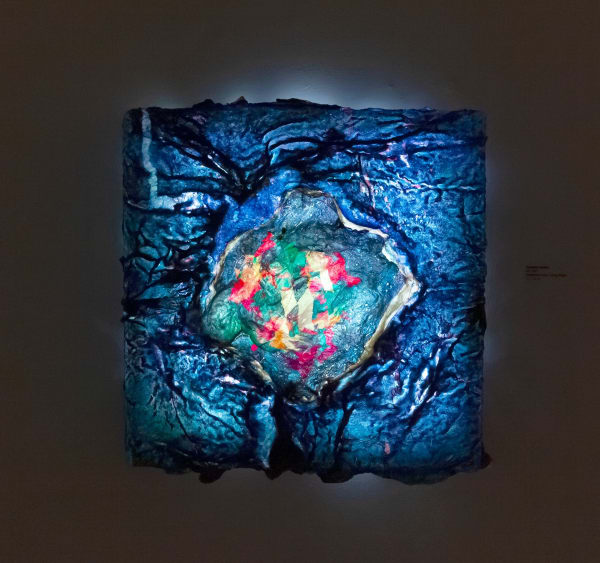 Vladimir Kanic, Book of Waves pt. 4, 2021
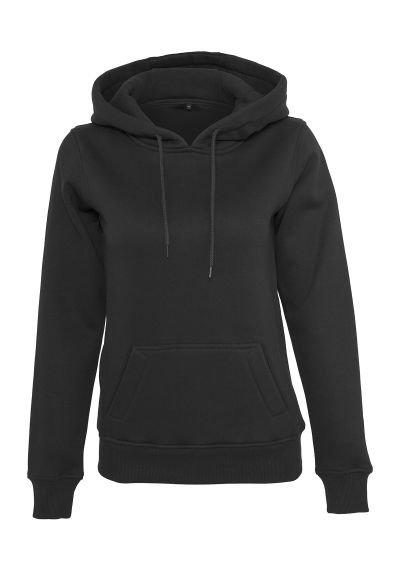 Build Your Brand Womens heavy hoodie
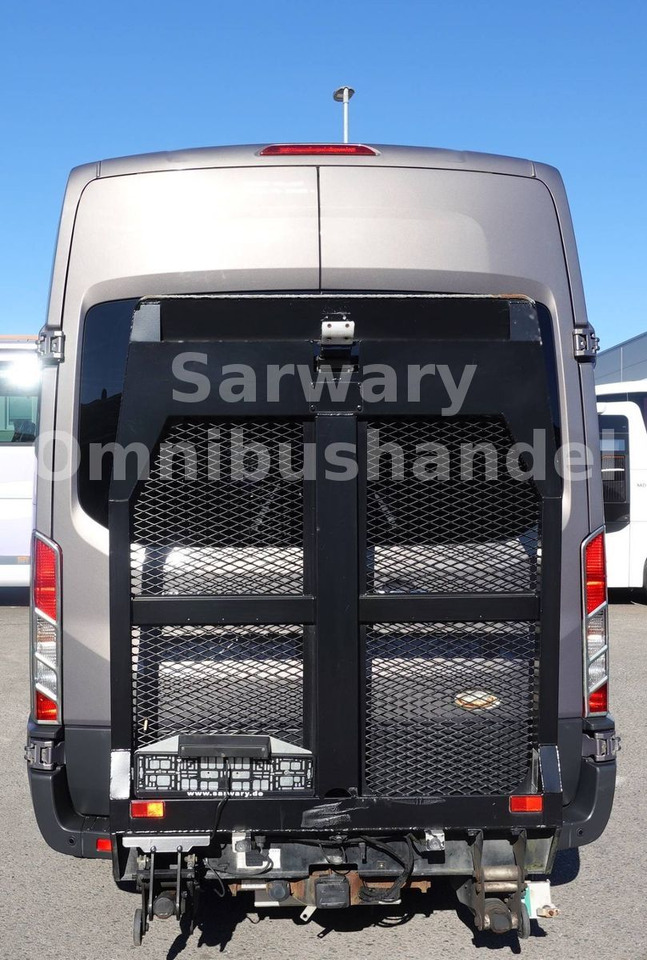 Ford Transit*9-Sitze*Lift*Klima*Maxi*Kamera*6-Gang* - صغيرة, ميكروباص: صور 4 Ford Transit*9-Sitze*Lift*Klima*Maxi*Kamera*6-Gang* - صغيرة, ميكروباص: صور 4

_Task goal:_ Restate the whole listing word for word. Omit the pictures.

_Solution for this problem:_
 Vladimir Kanic, Book of Waves pt. 4, 2021
 Build Your Brand Womens heavy hoodie
 Ford Transit*9-Sitze*Lift*Klima*Maxi*Kamera*6-Gang* - صغيرة, ميكروباص: صور 4 Ford Transit*9-Sitze*Lift*Klima*Maxi*Kamera*6-Gang* - صغيرة, ميكروباص: صور 4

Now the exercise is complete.